As one example, the linked article above points out that the city of New York prohibits entirely cashless businesses. Establishments must accept cash payments, and it’s unclear how the touchscreen-driven system would comply with that requirement.

There are also many tasks involved in running even a modest establishment — loading, cleaning, and maintaining for example — that can’t be realistically taken care of by an immobile robot barista. It’s unclear to what extent the robotic coffee shop will employ human staff, but it’s clear that human involvement is something that isn’t going be eliminated any time soon.

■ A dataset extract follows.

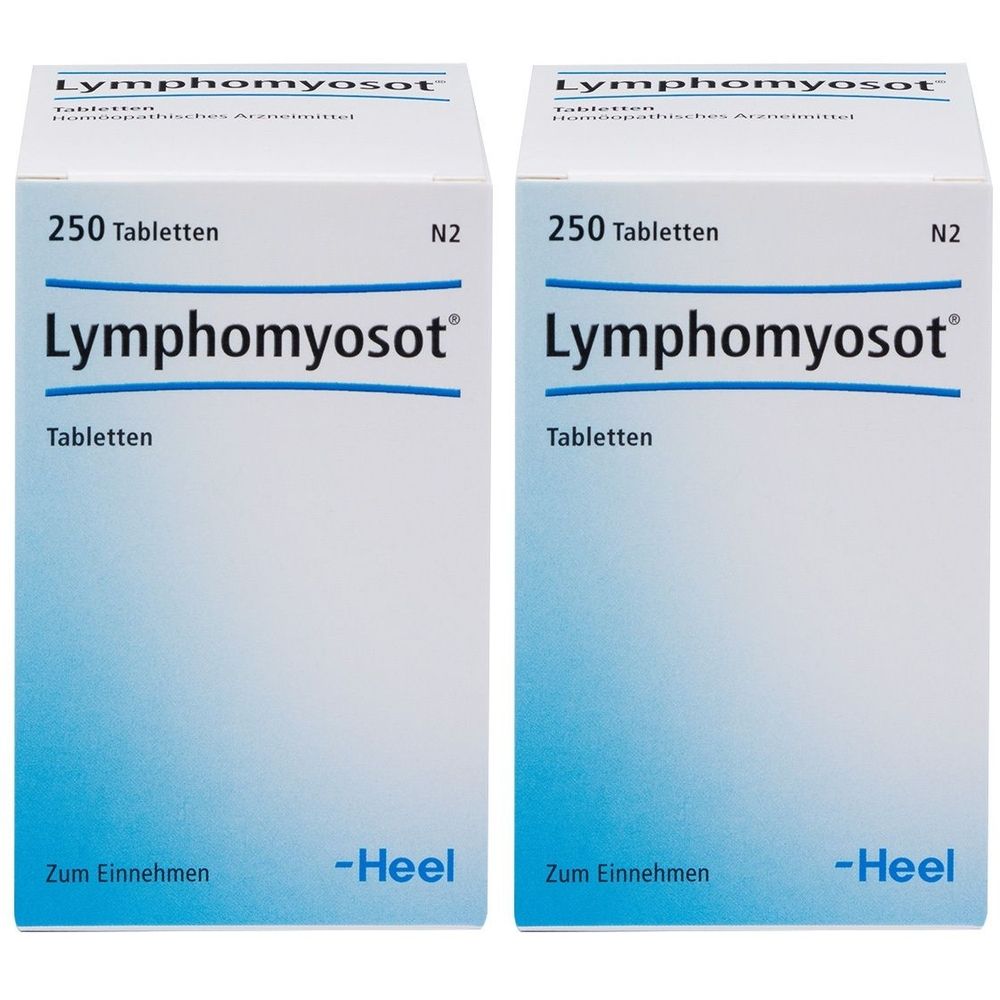 Zwei Schachteln mit "Lymphomyosot Tabletten". Aufschrift: 250 Tabletten, N2. Marke: Heel. Zum Einnehmen.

Some of you may remember the robotic burger joint that our own Brian Benchoff managed to check out, and many of his same observations come to mind. The robot burger was perhaps ahead of its time (its single location is listed as closed on Google maps with no recent activity) but maybe the robot coffee place can make it work. Still, expensive automation is only one piece of a system, and the ability to crank out a drink per minute 24/7 might not actually be the missing link.

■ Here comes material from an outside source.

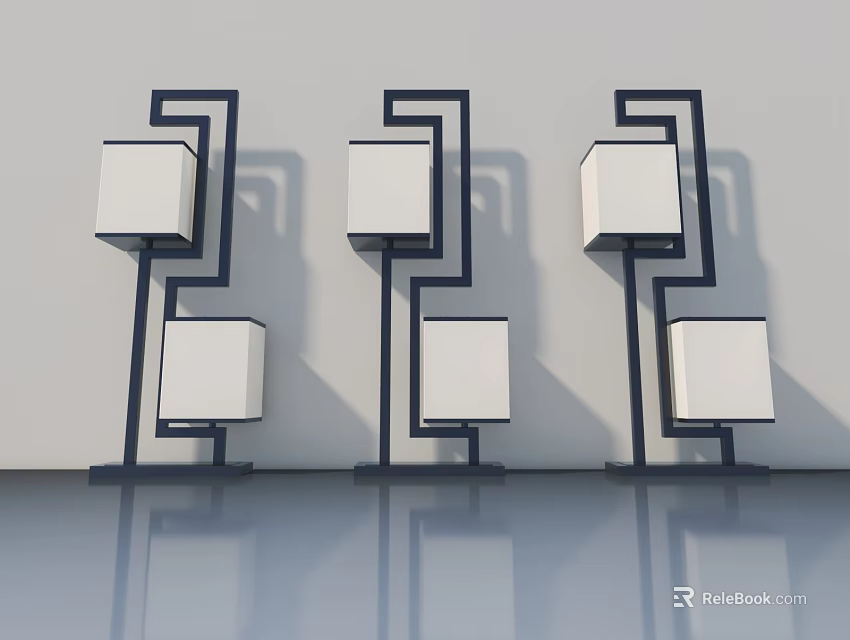 Modern White Swing Doors With Black Geometric Frames Wall Mounted On Reflective Floor 3d model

25 thoughts on “Robotic Coffee Comes To Brooklyn, But Will It Stay?

    1. Way to state something that not only demonstrates that you know zero about a topic but have, in fact, formed a very strong opinion in the exact polar opposite direction. So I’ll say we (as scientists) will get around to curing cancer just as soon as we sort out space. Once we get space handled we will have some free time to get on with curing all the cancer.
      My HTML is rusty so I’ll be explicit. Snark.

    1. Do you know how you get big valuations and massive funding so you can salary yourself astronomically and buy your dreams?

      robots are a good start.
      Now they need to have it make custom drinks based off AI interpretations of best preferences using 23andme data. Theyll be dripping in teslas by next weekend!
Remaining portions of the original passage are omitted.